Britain’s arbitrary authoritarianism

Dec 12, 2023 by

by Laurie Wastell, Artillery Row:

Recent prosecutions over speech should concern us all.

The problem with cancel culture, it has long been clear, is how it lets the most sensitive people in society dictate what can and cannot be said in the public square. Today, Britain’s hate-speech laws, pursued zealously by the justice system, are criminalising even what is said in private — and even if no one is there to be offended.

Last week at Westminster Magistrates’ Court, six former Met officers were sentenced for improper use of a public electronic communications network, having been convicted earlier this year under the Communications Act 2003. Michael Chadwell, Peter Booth, Anthony Elsom, Trevor Lewton, Alan Hall and Robert Lewis, all retired officers in their 60s, had sent messages deemed “grossly offensive”, to a private WhatsApp groupchat, “Old Boys Beer Meet”, between 2020-2022.
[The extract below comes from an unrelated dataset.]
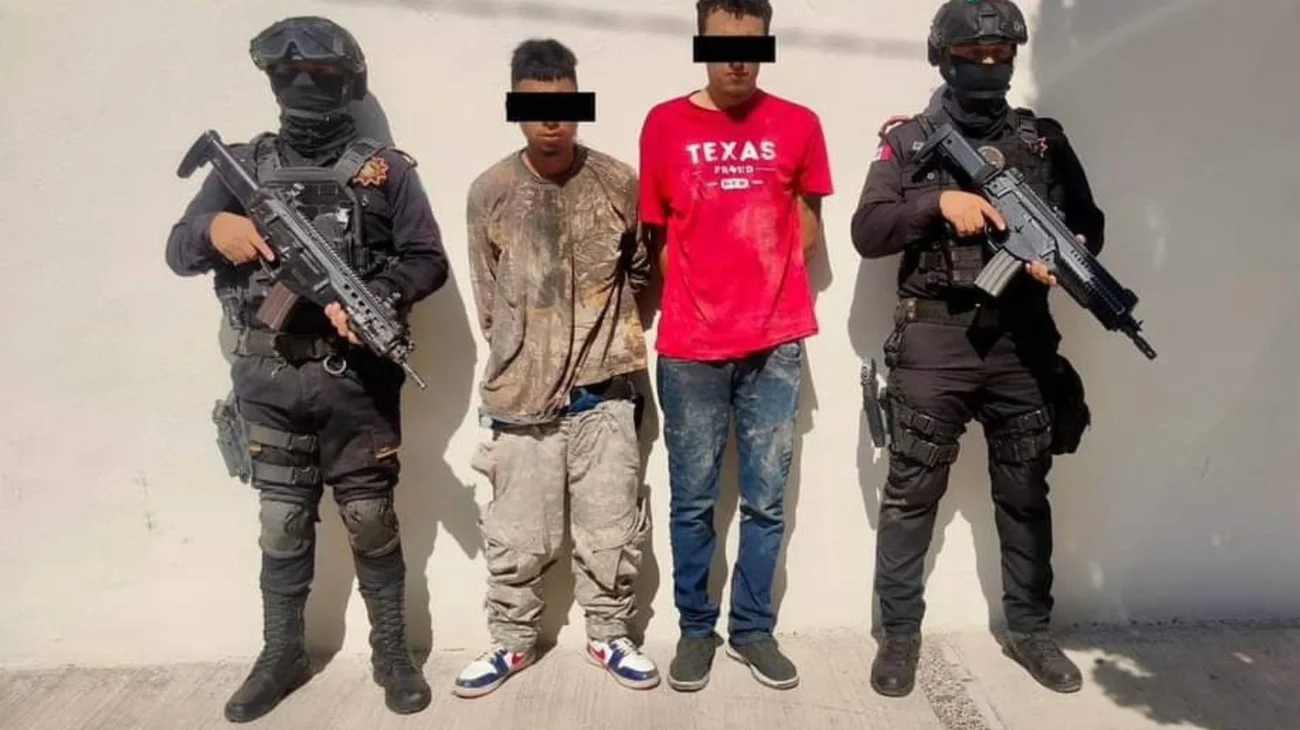 Caen dos hombres tras agredir a policías de Fuerza Civil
They were not let off lightly. The officers each received a suspended sentence of between eight and 14 weeks’ imprisonment, and were ordered to undertake community service lasting between 40 and 140 hours. For good measure, Robert Lewis was also fined £500 for possessing two friction batons in a private place.

The messages were allegedly “racist, sexist and homophobic” and deemed too offensive to reproduce by the BBC, with posts about the Duke and Duchess of Sussex, Rishi Sunak, the government’s Rwanda plan and flooding in Pakistan. District judge Tan Ikram ruled the messages were “offensive to many good people in this country and not only people who might be directly offended”.

Now, if this statement appears puzzling — how could something be “offensive” to someone who is not “directly offended”? — that’s because as a ruling, and a legal precedent, it is completely extraordinary.